EXERCISE PROMPT:
Nothing but the lines from the start of the data through the line with "8pcs Mini Plant" should appear in the answer, each retyped exactly, and pictures should not.

(PROVIDED ENTRIES Opens)

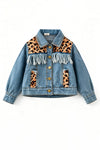 Lt. Blue denim jacket with leopard printed detail. TPG60613 Mon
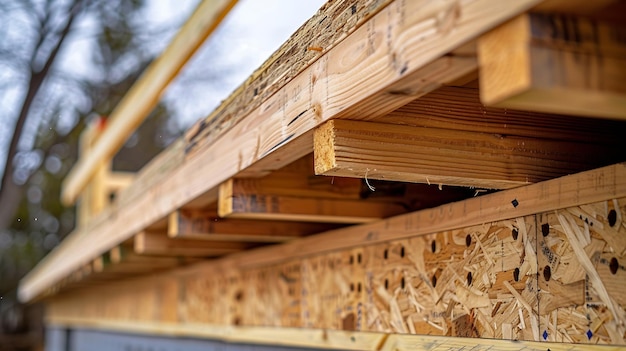 Photo an under construction house has joist framework features plywood gutter holders soff generative ai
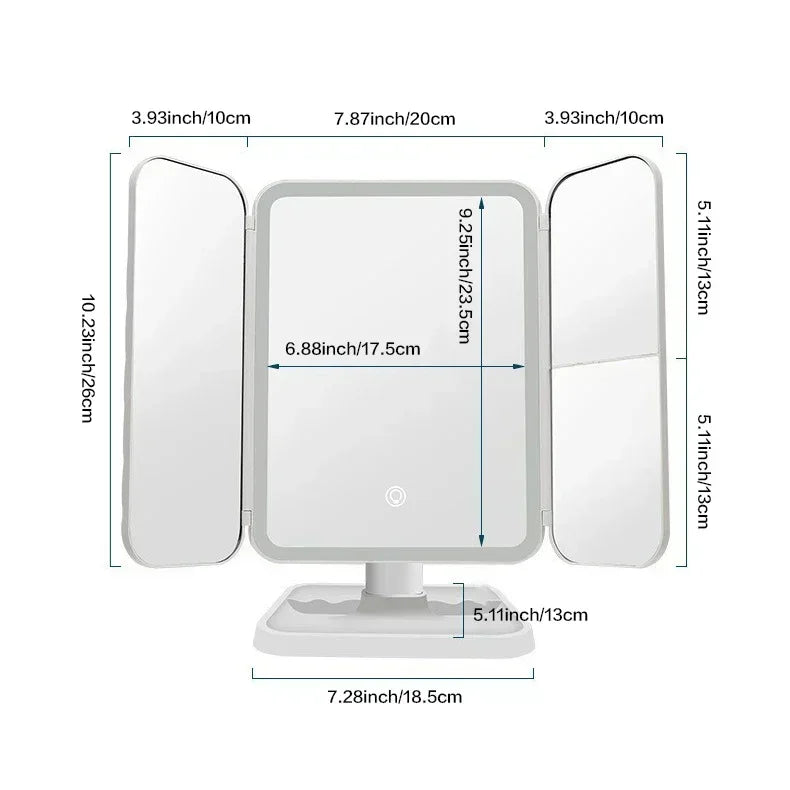 Espejo de maquillaje triple con luces LED, espejo de tocador para dormitorio, belleza, ilumina tu luz de relleno con espejo de maquillaje complementario inteligente
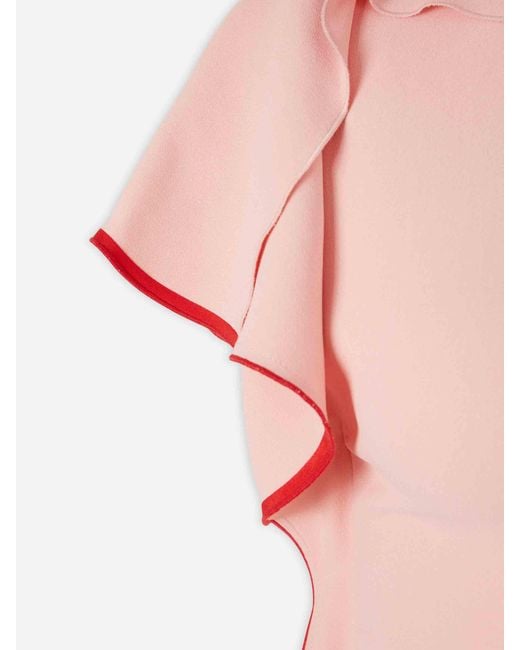 Robe Volants Midi Victoria Beckham en coloris Pink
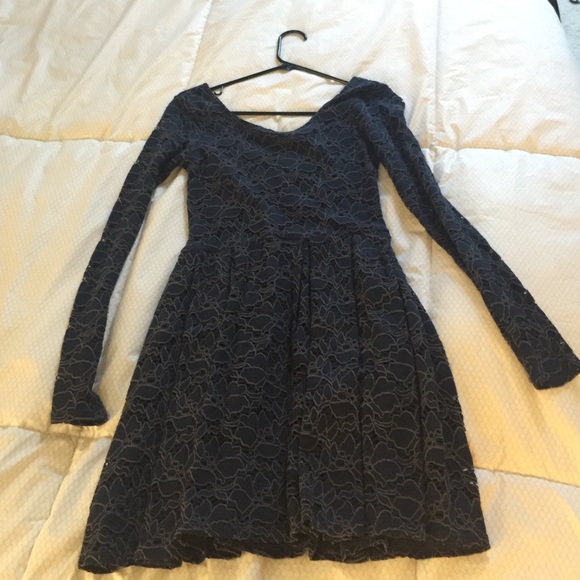 Free People XS lace navy long sleeved dress - Picture 1 of 3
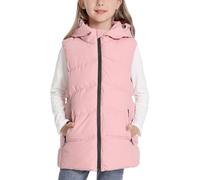 Happy Cherry - Infantil Chaleco con Capucha Acolchado Niño Chaqueta sin Mangas Niños Niñas Chalecos Invierno Niña Chica Abrigo Cálido con Cremallera para Primavera Otoño - 110-116 - Rosa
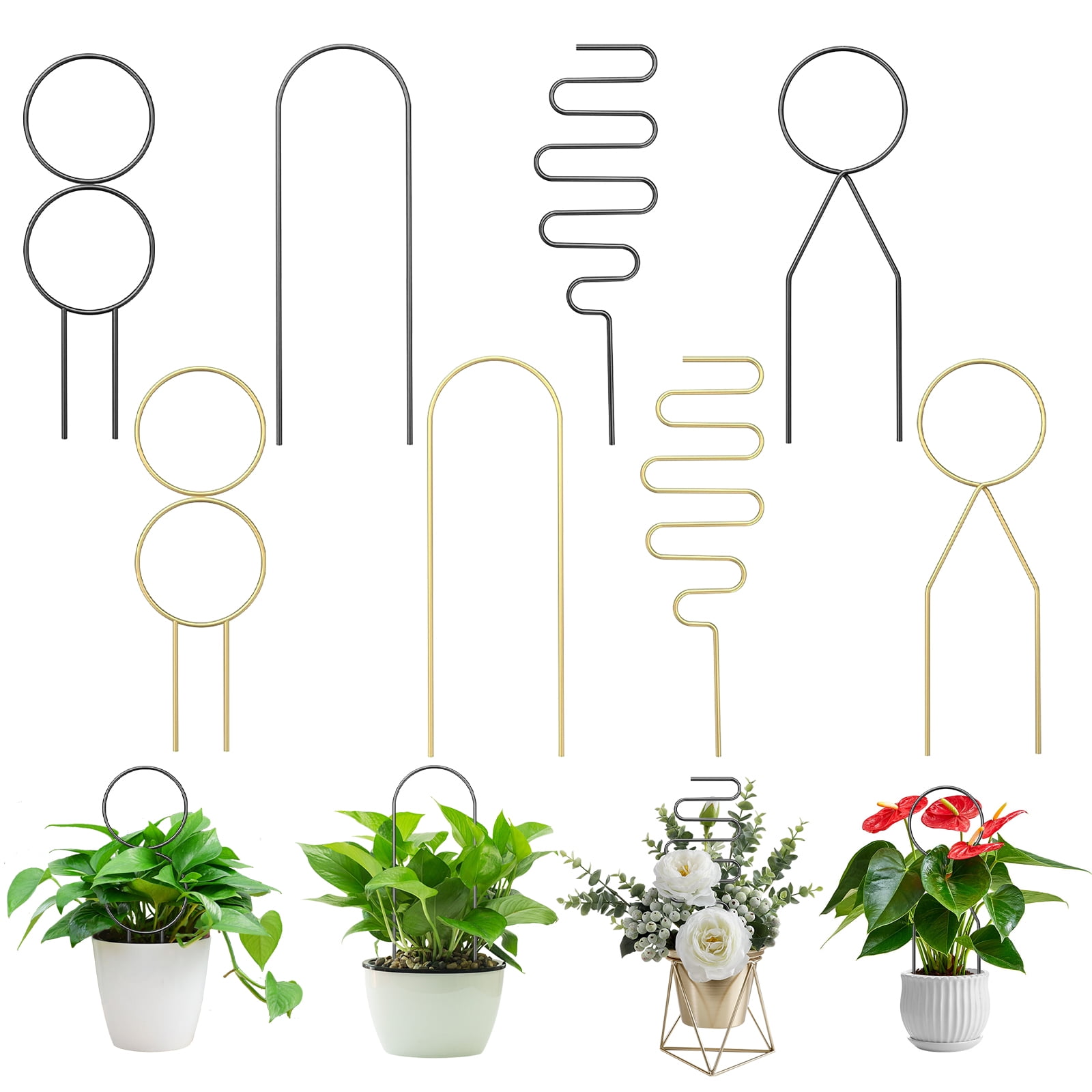 8pcs Mini Plant Trellis Small Metal Trellis for Pot Plants Indoor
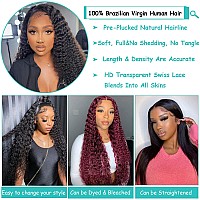 Absfwiw 28Inch Deep Wave Lace Front Wigs Human Hair13X4 Hd Transparent Deep Wave Frontal Wigs Glueless Curly Wigs For Women 180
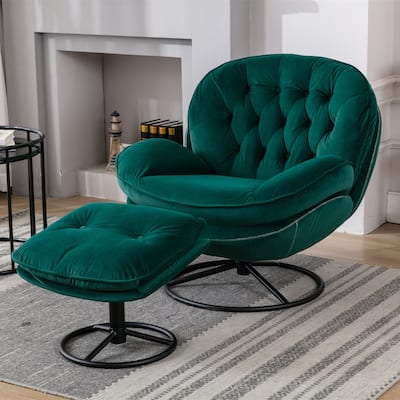 Accent Chair Velvet Upholstered Chair & Ottoman Sets, 360-Degree Swivel Chair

(PROVIDED ENTRIES Closes)

EXERCISE RESULT:
 Lt. Blue denim jacket with leopard printed detail. TPG60613 Mon
 Photo an under construction house has joist framework features plywood gutter holders soff generative ai
 Espejo de maquillaje triple con luces LED, espejo de tocador para dormitorio, belleza, ilumina tu luz de relleno con espejo de maquillaje complementario inteligente
 Robe Volants Midi Victoria Beckham en coloris Pink
 Free People XS lace navy long sleeved dress - Picture 1 of 3
 Happy Cherry - Infantil Chaleco con Capucha Acolchado Niño Chaqueta sin Mangas Niños Niñas Chalecos Invierno Niña Chica Abrigo Cálido con Cremallera para Primavera Otoño - 110-116 - Rosa
 8pcs Mini Plant Trellis Small Metal Trellis for Pot Plants Indoor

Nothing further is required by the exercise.